[Scraped caption text data]
----

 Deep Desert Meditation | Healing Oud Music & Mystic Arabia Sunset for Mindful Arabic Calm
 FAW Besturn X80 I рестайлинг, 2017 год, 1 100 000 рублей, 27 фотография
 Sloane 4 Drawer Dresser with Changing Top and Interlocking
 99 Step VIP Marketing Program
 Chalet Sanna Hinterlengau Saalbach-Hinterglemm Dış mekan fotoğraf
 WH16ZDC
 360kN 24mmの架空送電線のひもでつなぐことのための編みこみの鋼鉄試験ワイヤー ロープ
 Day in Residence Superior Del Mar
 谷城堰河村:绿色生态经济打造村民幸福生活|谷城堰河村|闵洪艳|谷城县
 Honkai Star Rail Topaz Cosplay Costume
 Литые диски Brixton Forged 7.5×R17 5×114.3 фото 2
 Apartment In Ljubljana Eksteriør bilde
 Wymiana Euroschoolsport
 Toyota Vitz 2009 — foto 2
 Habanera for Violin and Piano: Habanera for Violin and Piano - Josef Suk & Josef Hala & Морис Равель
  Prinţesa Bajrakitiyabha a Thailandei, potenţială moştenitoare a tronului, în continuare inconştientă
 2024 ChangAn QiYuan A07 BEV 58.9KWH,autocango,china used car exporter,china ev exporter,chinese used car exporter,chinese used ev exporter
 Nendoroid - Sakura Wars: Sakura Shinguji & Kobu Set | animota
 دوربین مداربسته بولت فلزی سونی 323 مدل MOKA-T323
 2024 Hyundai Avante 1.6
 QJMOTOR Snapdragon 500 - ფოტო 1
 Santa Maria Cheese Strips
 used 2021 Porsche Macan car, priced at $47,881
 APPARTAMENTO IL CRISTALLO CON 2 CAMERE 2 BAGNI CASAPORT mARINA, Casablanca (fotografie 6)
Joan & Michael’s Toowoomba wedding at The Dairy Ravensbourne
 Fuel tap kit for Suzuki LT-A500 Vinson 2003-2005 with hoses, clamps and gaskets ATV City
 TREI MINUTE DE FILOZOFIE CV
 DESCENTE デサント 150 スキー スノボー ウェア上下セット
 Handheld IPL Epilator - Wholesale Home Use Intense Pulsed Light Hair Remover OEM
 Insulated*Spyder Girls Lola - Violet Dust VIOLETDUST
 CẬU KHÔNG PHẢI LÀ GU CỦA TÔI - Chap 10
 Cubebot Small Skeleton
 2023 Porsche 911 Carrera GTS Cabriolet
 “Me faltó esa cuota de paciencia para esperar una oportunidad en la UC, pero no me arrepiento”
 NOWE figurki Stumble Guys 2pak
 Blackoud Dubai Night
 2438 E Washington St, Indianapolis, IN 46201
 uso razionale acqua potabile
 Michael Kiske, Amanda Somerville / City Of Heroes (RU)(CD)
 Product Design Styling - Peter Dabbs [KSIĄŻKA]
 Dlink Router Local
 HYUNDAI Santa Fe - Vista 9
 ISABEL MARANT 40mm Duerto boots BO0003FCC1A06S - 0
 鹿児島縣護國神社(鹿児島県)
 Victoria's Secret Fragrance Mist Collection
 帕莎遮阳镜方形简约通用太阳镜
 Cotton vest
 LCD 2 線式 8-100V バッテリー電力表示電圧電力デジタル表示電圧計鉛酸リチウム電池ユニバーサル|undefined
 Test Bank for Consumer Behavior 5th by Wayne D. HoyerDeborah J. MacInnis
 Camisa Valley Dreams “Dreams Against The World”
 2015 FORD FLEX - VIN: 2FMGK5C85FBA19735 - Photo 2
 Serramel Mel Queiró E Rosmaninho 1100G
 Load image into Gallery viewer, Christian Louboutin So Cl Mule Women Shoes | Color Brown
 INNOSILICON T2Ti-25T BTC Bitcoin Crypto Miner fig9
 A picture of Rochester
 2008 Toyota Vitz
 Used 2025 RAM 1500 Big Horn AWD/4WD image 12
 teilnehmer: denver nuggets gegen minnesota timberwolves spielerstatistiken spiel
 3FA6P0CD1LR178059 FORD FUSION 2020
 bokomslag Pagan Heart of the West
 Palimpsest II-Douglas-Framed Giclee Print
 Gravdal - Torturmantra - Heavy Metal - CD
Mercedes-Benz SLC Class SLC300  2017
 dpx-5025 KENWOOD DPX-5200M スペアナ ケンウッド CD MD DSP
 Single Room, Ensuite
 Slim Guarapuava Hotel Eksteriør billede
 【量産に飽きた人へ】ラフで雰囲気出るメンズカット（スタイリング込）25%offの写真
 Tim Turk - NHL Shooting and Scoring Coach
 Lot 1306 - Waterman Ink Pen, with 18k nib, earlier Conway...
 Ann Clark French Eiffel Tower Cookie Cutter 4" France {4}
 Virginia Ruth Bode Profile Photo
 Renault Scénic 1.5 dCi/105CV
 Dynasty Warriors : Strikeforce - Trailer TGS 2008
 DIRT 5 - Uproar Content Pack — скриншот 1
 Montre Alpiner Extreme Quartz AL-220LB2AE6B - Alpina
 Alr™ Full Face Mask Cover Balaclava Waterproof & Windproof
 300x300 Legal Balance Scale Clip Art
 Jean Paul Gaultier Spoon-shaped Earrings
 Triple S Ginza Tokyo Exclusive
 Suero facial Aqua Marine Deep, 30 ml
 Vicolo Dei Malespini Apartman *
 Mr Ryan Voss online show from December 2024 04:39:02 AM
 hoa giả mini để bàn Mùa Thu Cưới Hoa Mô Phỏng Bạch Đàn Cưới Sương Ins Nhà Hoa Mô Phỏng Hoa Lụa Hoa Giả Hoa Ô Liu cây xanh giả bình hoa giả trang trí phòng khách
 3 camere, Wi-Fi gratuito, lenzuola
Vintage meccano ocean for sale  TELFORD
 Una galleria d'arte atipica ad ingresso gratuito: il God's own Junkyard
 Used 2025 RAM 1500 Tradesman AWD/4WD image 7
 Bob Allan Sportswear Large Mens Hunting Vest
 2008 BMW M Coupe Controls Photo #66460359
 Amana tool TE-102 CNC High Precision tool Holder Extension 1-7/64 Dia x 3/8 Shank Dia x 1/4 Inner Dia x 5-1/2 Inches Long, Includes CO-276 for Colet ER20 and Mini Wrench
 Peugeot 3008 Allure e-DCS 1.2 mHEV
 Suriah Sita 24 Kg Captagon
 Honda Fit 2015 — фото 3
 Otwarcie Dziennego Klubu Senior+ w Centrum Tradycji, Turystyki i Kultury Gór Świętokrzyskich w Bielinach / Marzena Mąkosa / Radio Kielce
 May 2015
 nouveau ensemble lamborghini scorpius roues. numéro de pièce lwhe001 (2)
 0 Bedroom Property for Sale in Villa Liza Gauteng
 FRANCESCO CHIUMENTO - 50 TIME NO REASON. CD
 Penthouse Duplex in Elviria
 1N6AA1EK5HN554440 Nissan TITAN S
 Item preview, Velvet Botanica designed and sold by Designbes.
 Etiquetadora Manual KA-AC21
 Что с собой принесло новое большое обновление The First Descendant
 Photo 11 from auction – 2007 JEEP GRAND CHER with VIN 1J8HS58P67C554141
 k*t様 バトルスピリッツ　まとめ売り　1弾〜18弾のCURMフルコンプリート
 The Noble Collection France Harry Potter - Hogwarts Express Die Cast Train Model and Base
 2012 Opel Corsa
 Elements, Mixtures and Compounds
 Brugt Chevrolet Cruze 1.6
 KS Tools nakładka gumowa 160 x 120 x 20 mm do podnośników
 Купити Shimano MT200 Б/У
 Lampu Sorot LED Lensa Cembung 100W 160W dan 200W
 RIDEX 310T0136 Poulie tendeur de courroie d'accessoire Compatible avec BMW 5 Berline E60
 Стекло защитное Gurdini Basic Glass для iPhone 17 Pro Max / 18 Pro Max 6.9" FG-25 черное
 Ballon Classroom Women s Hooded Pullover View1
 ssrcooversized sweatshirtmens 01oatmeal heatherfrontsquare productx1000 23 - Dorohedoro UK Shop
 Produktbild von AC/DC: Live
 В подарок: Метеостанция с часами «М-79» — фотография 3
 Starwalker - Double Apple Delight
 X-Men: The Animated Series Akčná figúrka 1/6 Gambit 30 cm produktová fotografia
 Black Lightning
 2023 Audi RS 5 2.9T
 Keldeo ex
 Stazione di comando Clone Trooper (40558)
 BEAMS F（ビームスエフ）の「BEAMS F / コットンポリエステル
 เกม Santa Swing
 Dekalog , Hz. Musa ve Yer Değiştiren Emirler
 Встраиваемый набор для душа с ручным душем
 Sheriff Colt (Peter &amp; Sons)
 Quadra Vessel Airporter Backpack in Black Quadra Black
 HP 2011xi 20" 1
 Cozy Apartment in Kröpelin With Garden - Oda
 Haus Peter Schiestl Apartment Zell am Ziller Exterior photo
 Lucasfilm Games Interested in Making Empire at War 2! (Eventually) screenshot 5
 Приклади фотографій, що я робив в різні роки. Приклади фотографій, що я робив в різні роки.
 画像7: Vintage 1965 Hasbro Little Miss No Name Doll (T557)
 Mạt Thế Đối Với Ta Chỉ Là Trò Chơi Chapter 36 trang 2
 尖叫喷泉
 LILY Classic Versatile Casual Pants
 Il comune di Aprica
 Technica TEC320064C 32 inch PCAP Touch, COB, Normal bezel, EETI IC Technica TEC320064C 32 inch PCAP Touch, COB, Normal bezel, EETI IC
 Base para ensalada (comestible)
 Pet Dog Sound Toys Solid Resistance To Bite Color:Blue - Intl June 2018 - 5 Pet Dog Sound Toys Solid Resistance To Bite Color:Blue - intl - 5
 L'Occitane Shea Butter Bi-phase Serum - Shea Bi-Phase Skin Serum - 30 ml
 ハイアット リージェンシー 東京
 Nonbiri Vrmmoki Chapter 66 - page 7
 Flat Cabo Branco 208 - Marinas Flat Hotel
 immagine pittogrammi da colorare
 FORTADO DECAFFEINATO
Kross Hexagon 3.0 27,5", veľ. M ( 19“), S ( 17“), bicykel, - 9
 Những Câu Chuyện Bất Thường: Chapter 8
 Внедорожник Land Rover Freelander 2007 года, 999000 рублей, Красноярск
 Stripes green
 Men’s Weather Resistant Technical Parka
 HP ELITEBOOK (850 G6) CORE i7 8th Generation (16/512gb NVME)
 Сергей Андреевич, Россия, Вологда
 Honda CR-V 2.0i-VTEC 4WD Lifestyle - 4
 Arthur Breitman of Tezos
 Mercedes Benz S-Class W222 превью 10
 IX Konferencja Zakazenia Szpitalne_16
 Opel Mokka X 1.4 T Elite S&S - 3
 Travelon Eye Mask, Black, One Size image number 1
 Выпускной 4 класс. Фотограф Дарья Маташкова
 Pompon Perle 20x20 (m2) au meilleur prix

----

* [What to do] In the data above, find the line that contains "Honkai Star Rail Topaz Cosplay Costume", then reproduce exactly every line from the first line through that line.

* [Exercise answer]
 Deep Desert Meditation | Healing Oud Music & Mystic Arabia Sunset for Mindful Arabic Calm
 FAW Besturn X80 I рестайлинг, 2017 год, 1 100 000 рублей, 27 фотография
 Sloane 4 Drawer Dresser with Changing Top and Interlocking
 99 Step VIP Marketing Program
 Chalet Sanna Hinterlengau Saalbach-Hinterglemm Dış mekan fotoğraf
 WH16ZDC
 360kN 24mmの架空送電線のひもでつなぐことのための編みこみの鋼鉄試験ワイヤー ロープ
 Day in Residence Superior Del Mar
 谷城堰河村:绿色生态经济打造村民幸福生活|谷城堰河村|闵洪艳|谷城县
 Honkai Star Rail Topaz Cosplay Costume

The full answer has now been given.